Gaza Development Authority: A New Deal Model for the Middle East
It is difficult to predict the political future of Gaza both in terms of relations between Hamas and Fatah as well as the future relations with Israel and Egypt. What is certain is the Israel-Gaza conflict and the long embargos have crippled and in some cases destroyed the manufacturing and agricultural sectors of the Gaza Strip where some one and a half million people depend on imports for most basic goods and on exports for livelihood. The economic and social situation in Gaza distorts the lives of many with high unemployment, poor health facilities, and a lack of basic supplies.

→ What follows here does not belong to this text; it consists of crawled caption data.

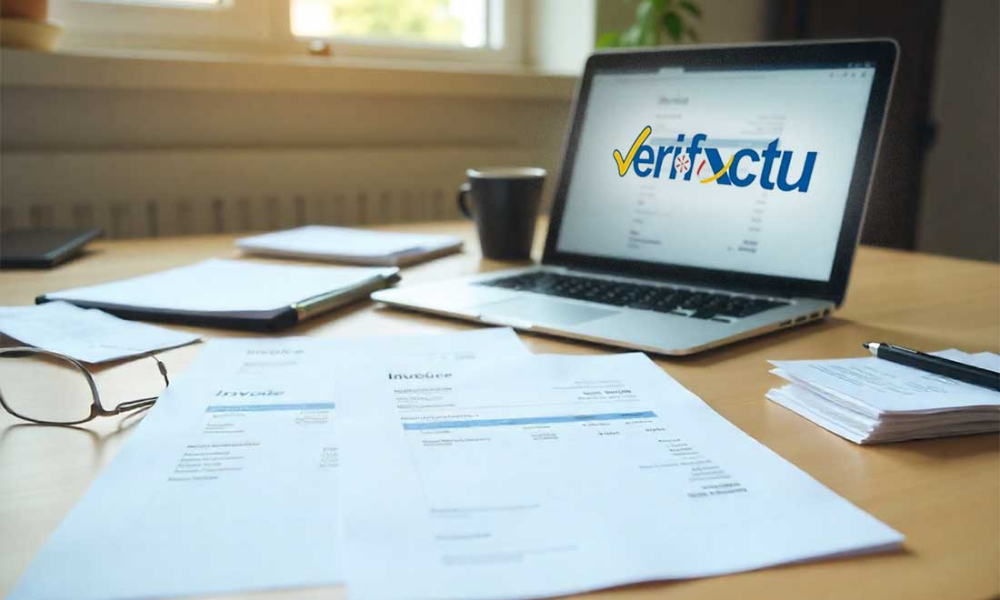 Entrada en vigor de Verifactu y obligación de adaptación de los programas de facturación en España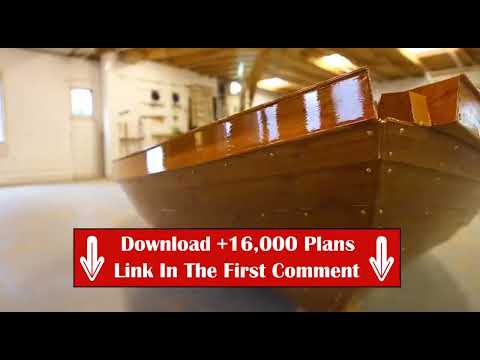 Ultimate Step-by-Step Guide to Building a Sloop With Boat Building PDF Plans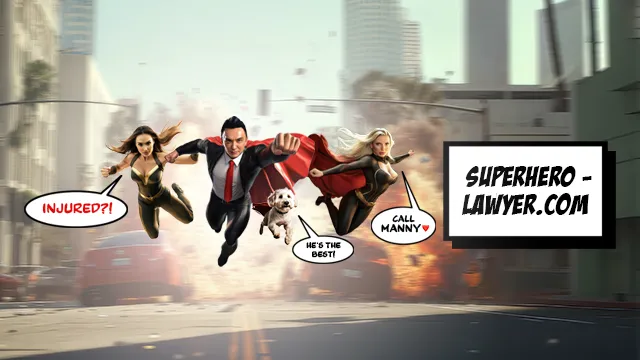 🦸🏻 IBAY Law - Injury Attorneys 📞 Super Hero-Lawyer Picture 9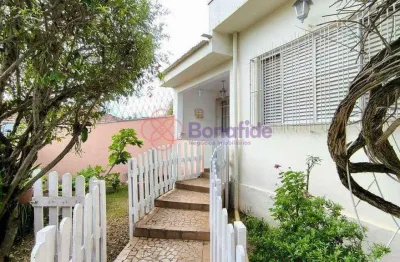Casa de Fundos com entrada individual para LOCAÇÃO localizada no bairro VILA PROGRESSO, em Jundiaí/SP.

As the political situation is so uncertain, it is important not to rule out in advance political and economic proposals even if, at first sight, such proposals seem unlikely to be able to be put into practice. As Jean Monnet, one of the fathers of the European Common Market had said “Men take great decisions only when crisis stares them in the face.” Just as the first steps of the European Common Market had to overcome the deep wounds of the Second World War, so in the situation of Gaza, there is a need to break strong psychological barriers with cooperative economic measures.

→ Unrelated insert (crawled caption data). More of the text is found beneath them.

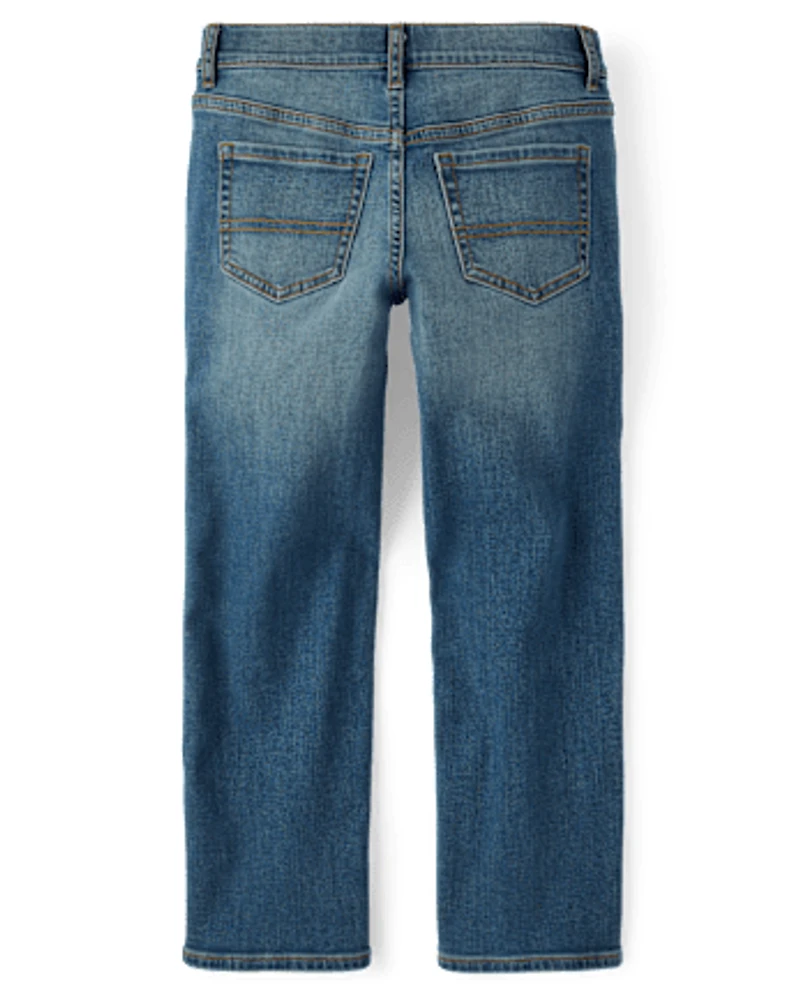 Boys Relaxed Jeans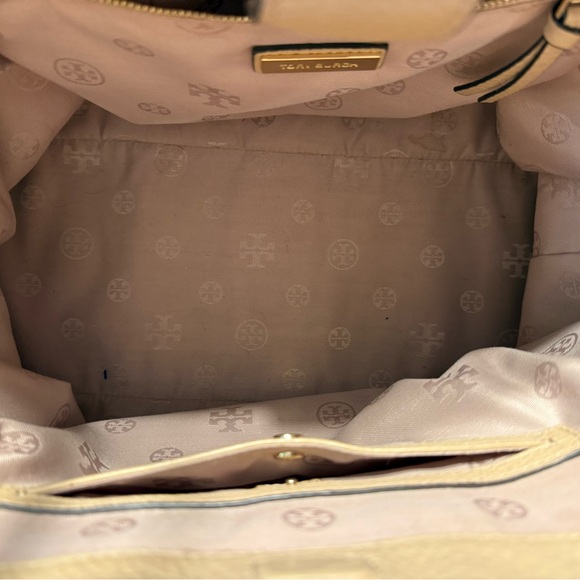 Tory Burch Tan Tote Bag - Picture 7 of 7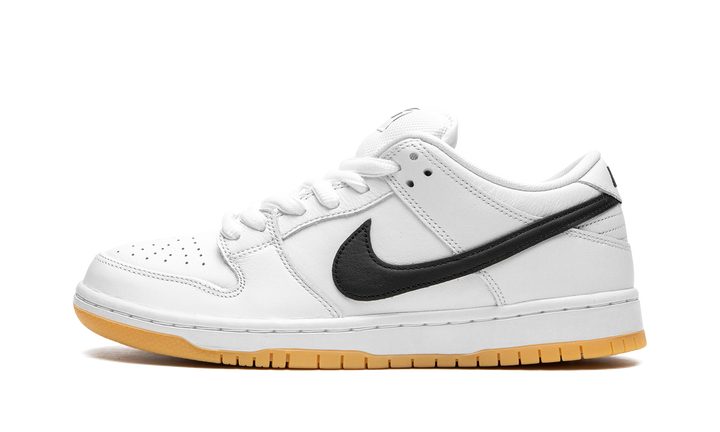 NIKE DUNK LOW SB WHITE GUM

One possibility for socio-economic recovery of Gaza would be a trans-national economic effort that would bring together energy, knowledge, and money from Gaza, Israel, the West Bank and Egypt, creating conditions which would facilitate the entry of other investors.
A possible model is the trans-state efforts of the Tennessee Valley Authority (TVA) of the US New Deal. The TVA was a path-making measure to overcome the deep economic depression of the 1930s in the USA. In May 1933, the Roosevelt administration and the Congress created the TVA. In his message to Congress, Roosevelt suggested that the Authority should be a “corporation clothed with the power of Government but possessed of the flexibility and initiative of a private enterprise. It should be charged with the broadest duty of planning for the proper use, conservation and development of the natural resources of the Tennessee River drainage basin and its adjoining territory for the general social and economic welfare of the Nation…This in a true sense is a return to the spirit and vision of the pioneer. If we are successful here, we can march on, step by step, in the development of other great natural territorial units.”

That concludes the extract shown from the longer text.